INPUT RECORDS

****************************************

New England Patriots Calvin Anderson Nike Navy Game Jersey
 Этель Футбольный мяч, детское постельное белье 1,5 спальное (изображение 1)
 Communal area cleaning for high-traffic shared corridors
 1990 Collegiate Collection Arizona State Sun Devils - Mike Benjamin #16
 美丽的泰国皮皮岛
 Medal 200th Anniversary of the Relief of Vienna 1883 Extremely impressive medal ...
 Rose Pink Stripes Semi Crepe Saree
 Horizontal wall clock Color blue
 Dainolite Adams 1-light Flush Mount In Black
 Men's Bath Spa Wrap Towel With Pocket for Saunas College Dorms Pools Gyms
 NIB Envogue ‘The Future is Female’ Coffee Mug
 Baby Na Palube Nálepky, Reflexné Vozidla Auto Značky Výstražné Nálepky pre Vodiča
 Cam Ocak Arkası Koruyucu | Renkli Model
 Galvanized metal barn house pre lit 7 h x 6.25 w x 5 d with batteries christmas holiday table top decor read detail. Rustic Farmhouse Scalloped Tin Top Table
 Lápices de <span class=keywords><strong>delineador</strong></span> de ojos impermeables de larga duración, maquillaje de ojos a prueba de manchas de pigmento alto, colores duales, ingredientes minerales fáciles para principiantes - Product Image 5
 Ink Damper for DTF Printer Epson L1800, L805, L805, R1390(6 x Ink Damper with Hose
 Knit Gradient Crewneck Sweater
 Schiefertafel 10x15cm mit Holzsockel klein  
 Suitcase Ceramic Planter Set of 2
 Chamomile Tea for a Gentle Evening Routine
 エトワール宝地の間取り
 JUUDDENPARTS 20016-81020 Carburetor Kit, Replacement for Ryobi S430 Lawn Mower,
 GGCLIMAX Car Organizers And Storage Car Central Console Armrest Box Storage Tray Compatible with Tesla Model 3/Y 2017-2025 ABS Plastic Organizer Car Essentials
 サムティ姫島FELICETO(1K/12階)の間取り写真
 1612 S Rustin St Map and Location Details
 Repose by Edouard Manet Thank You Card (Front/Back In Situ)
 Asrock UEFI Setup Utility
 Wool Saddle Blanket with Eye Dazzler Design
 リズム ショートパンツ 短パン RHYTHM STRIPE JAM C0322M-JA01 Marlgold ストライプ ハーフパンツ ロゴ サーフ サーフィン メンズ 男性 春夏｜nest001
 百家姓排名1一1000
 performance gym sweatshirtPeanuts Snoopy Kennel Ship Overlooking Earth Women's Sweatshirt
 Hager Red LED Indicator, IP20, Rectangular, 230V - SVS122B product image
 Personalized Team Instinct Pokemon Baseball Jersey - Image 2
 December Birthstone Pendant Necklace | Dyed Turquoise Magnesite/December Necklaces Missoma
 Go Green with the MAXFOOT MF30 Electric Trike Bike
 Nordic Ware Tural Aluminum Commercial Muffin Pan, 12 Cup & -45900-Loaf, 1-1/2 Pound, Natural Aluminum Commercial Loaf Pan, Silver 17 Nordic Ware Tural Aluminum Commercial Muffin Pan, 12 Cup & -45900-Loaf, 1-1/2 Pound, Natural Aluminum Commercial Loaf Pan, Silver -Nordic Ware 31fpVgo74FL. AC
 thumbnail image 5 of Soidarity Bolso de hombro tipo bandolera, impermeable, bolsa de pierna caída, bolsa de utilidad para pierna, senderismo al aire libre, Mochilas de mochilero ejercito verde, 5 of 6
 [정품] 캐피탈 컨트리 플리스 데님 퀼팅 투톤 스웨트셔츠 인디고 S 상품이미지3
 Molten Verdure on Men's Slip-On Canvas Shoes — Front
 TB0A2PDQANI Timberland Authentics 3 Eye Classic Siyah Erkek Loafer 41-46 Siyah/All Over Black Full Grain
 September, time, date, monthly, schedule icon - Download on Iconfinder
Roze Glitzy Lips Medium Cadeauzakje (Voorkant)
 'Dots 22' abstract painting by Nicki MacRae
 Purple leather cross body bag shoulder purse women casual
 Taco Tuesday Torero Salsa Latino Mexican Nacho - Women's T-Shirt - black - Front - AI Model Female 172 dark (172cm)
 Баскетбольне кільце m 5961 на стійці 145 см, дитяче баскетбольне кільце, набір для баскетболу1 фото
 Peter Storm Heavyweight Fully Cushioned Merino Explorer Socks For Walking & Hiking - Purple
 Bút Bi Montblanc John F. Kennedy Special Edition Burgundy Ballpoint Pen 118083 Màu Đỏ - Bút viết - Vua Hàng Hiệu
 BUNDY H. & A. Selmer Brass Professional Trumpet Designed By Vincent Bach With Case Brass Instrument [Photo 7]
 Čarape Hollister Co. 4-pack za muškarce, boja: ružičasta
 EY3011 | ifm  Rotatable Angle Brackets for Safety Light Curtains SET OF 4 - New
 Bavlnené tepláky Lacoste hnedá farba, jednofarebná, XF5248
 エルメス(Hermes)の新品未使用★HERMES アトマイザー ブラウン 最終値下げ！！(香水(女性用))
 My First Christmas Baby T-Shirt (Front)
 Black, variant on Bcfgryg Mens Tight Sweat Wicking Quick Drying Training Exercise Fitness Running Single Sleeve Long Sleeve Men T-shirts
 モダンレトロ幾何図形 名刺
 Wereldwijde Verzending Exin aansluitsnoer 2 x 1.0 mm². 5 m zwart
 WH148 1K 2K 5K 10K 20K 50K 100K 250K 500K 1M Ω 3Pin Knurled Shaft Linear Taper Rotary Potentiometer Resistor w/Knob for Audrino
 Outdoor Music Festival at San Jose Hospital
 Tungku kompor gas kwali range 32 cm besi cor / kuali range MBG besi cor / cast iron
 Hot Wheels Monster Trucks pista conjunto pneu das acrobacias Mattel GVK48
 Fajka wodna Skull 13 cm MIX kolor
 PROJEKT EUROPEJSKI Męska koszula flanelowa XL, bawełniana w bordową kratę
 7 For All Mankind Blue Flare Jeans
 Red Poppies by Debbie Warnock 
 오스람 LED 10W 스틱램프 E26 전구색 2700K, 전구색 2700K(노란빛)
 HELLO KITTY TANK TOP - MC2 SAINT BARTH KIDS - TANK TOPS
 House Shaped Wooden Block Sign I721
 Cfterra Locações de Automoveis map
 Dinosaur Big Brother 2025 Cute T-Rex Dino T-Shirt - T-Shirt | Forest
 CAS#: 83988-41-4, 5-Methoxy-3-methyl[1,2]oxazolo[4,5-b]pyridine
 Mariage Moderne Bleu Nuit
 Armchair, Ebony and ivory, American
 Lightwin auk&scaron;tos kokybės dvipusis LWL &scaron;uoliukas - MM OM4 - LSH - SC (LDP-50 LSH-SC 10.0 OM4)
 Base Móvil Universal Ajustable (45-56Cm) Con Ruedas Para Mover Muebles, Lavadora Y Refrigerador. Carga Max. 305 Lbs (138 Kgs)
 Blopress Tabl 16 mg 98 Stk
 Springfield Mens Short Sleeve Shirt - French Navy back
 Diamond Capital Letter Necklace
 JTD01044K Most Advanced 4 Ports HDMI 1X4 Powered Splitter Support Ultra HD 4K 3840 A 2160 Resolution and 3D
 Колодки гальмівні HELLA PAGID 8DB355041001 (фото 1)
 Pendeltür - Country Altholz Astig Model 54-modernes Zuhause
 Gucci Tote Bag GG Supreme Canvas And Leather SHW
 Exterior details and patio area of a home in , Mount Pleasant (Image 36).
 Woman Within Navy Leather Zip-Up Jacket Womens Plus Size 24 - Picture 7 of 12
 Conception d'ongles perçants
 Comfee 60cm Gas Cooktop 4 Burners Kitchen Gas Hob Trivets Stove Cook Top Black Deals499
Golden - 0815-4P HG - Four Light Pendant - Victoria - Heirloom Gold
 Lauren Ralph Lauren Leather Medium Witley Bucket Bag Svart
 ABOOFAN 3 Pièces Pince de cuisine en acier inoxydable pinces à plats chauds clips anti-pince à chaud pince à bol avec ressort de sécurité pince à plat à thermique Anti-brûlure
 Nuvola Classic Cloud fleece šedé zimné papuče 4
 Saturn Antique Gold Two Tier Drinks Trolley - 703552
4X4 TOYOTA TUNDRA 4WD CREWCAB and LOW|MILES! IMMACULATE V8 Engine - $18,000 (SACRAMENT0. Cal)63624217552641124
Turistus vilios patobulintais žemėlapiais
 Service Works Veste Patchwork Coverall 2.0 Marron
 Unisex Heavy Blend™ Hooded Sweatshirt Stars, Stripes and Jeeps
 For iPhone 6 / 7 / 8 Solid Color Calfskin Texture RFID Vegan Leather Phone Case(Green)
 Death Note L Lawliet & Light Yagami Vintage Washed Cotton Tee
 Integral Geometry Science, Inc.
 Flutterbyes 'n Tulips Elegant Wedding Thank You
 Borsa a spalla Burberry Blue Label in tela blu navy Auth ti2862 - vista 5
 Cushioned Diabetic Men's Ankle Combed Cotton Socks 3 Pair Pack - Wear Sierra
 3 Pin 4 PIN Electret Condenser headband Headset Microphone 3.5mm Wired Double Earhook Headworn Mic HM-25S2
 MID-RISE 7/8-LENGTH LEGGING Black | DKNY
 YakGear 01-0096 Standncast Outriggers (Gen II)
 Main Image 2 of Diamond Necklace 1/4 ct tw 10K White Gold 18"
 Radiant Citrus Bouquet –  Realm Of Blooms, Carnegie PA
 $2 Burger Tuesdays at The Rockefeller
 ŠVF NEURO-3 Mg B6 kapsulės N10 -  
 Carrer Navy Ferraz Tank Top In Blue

****************************************

Copy each line from the data above that includes "Socks".

RESPONSE
 Peter Storm Heavyweight Fully Cushioned Merino Explorer Socks For Walking & Hiking - Purple
 Cushioned Diabetic Men's Ankle Combed Cotton Socks 3 Pair Pack - Wear Sierra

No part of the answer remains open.